The salad bar of news media

As humans, we like to pick and choose what fits us best, and news is no exception.

Traditional media has always given readers what the media organizations themselves decide to provide.  Consumers could choose which newspaper to buy and which articles to read, but not what that newspaper contains.

It is my view that news is going the way of the news aggregator—any program that lets readers request what kinds of news they want, and then compiles stories from many news sources.

I may stand as a case study of my own point.
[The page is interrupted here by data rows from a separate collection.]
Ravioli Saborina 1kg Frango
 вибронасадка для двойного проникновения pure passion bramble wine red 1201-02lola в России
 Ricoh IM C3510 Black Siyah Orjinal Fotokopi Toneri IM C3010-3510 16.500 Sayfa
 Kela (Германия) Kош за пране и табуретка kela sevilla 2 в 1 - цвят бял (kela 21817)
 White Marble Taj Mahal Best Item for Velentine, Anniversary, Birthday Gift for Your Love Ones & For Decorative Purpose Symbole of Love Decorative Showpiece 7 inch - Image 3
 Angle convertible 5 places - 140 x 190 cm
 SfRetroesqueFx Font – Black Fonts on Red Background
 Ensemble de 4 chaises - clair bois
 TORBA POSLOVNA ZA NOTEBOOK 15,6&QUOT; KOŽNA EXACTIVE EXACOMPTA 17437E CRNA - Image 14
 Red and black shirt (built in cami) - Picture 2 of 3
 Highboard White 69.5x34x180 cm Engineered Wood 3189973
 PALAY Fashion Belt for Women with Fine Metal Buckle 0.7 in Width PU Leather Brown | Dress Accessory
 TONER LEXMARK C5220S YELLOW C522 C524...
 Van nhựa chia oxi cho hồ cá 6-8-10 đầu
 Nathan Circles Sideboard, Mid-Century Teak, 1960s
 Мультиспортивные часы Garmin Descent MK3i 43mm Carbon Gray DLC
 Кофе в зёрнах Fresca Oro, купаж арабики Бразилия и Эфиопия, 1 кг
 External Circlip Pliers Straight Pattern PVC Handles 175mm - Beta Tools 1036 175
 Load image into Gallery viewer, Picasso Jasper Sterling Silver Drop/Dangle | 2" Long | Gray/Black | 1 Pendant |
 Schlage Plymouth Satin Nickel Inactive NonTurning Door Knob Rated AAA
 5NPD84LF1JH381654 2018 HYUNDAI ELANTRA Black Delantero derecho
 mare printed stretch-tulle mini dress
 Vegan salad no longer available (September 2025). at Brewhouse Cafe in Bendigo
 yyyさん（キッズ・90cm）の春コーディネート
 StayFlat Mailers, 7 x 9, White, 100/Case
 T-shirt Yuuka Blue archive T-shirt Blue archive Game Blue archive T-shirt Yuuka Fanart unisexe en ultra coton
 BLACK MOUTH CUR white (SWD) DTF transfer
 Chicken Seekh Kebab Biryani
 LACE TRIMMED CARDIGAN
The news I am most likely to read in the morning is any story that comes to me in the Google alert I have set for “Peru,” no matter what the source.  I only rarely actually visit a news website’s homepage.

I am not alone in this view.  Tom Rosensteil, Director of the Pew Research Center’s Project for Excellence in Journalism, believes that we are hunter-gatherers and instead of looking to major news organizations, like the LA Times, to tell us what we need to know, we are instead seeking answers to our own questions.

“We are becoming our own editors,” he said in a speech last fall.

This type of news retrieval only works when all types of news, local, national and international, are compiled and disseminated together.

Someone who I think understands the potential of 21st century journalism is Dan Pacheco, the senior manager of digital products at The Bakersfield Californian.  His project, Printcasting, which recently won a Knight News Challenge award, helps individuals create niche news publications from aggregated feeds from mainstream media and bloggers, among others.

Why do I think that this is so innovative and actually has the potential to work?  Advertising.  The unfortunate fact remains that journalism needs money, and because Pacheco has incorporated the potential for advertising income into his scheme using localized and specific advertisements, it might just work.

Projects like Pacheco’s are a reminder that people want to be informed about what they are interested in.  I think that Pacheco’s idea faces challenges—like how to gain an audience—but the beginnings of a good idea are definitely there.

If journalism is going to make a successful jump to the new era of Web-based information, we as journalists have to concede that readers are going to pick and choose what they want, and if we don’t cater to them, they will find their information elsewhere.